Well, that was exactly what I was looking to find. Thank you so much! The only remaining question (as I haven't yet figured out the etiquette for attribution from this site), should I actually get the publication (a) may I use this argument, and (b) what is the appropriate way to say "my thanks to Fedor Petrov for providing the following proof" (he says hoping that sentence to be the answer)?

@GerhardPaseman : I'm afraid I don't follow. Take $n=20$ and $d=1$, for example. The binomial ratio $\binom{20}{k+4}/\binom{20}{k+3}$ is larger than the polynomial ratio $[(20-k-5)(k+1)(k+2)]/[(20-k-6)(k+2)(k+3)]$ for $k\leq 6$ but not for $k\geq 7$. In fact, for these parameters, the binomial ratio decreases from ~$4.25$ to ~$.24$, while the polynomial ratio increases from ~$.36$ to ~$1.75$.

@GerhardPaseman: In fact, that monotonicity motivated my second bullet (regarding prime sets).
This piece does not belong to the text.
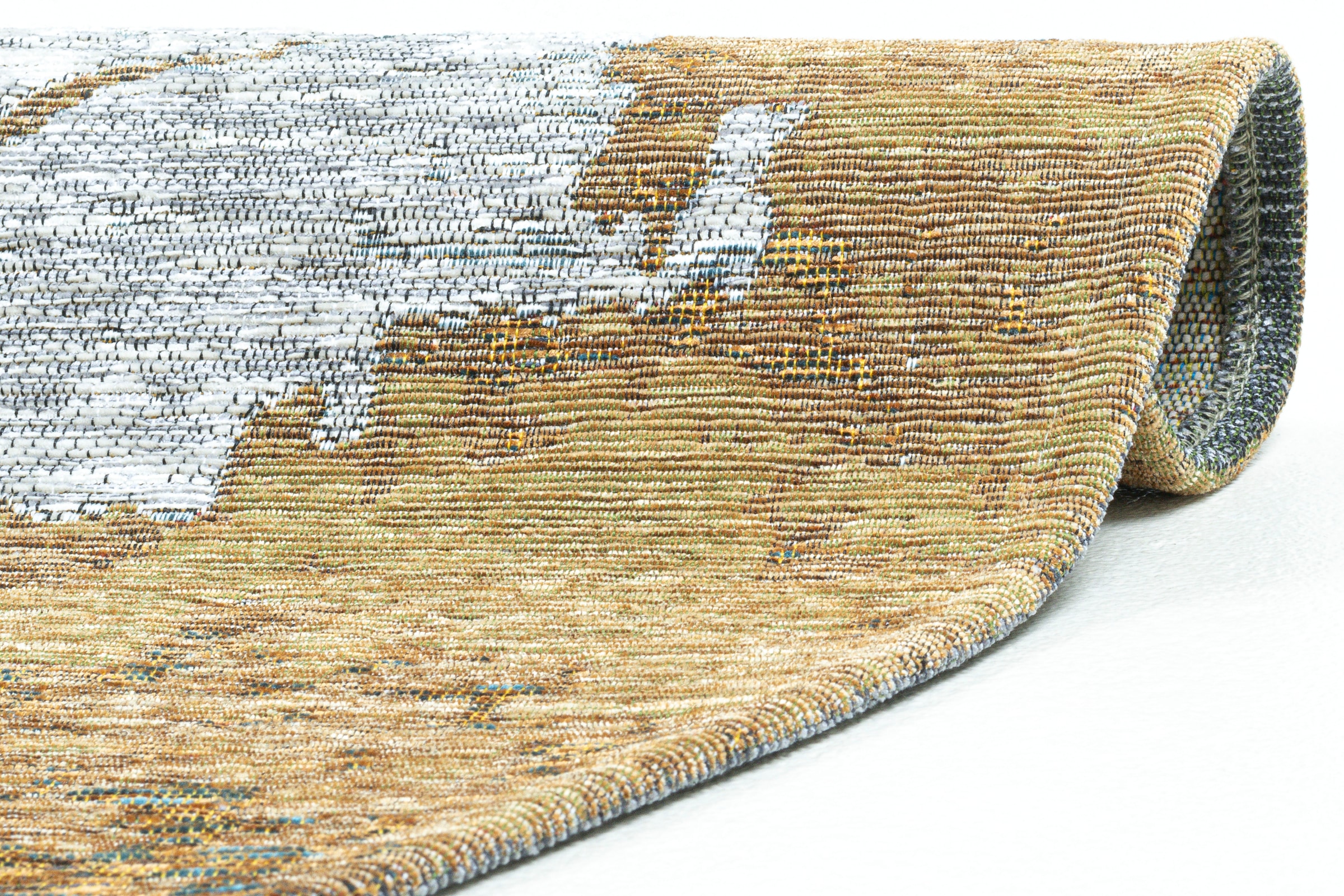 Sansibar Teppich »Keitum 012«, rund, 3 mm Höhe, Flachgewebe, modernes Design, Motiv Sylt & gekreuzte Säbel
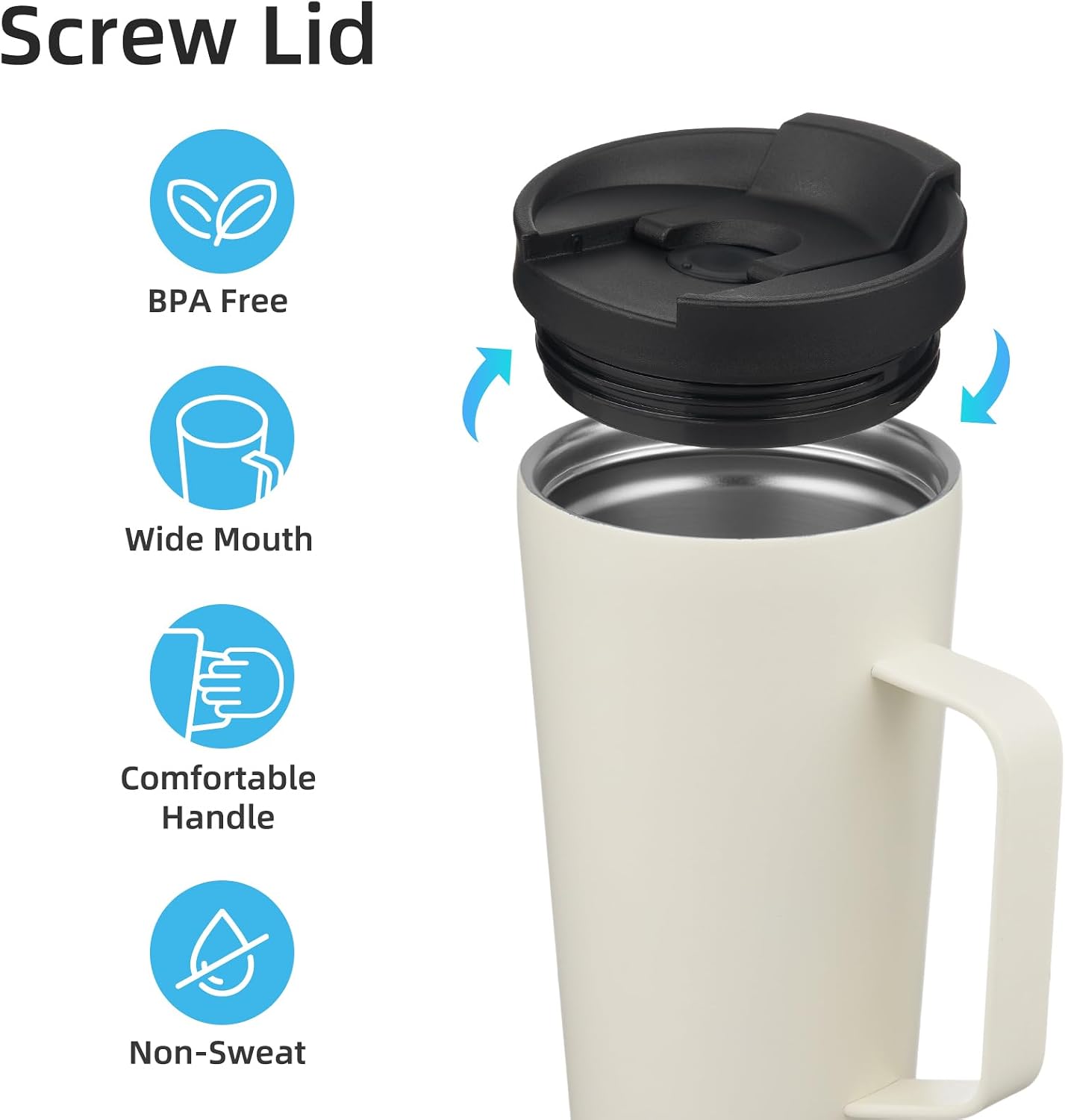 18 oz Insulated Tumbler with Handle & Straw, Stainless Steel Mug | Blue; BPA-free, leak-proof reusable bottle for coffee, iced drinks, office, travel, outdoor use & daily hydration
Beyond (the possibility of) a prime dividing one and not the other, I didn't come up with anything. (And, yes, this appears very monotonic, strictly increasing on some interval $[0,k_0]$ and strictly decreasing on $[k_0,n−6]$, being my guess).

@AlexM.: I do mean the first of those: for every $k<\ell$. I'm pretty certain I already have personal notes written up showing the conjecture true at $\ell=k+1$.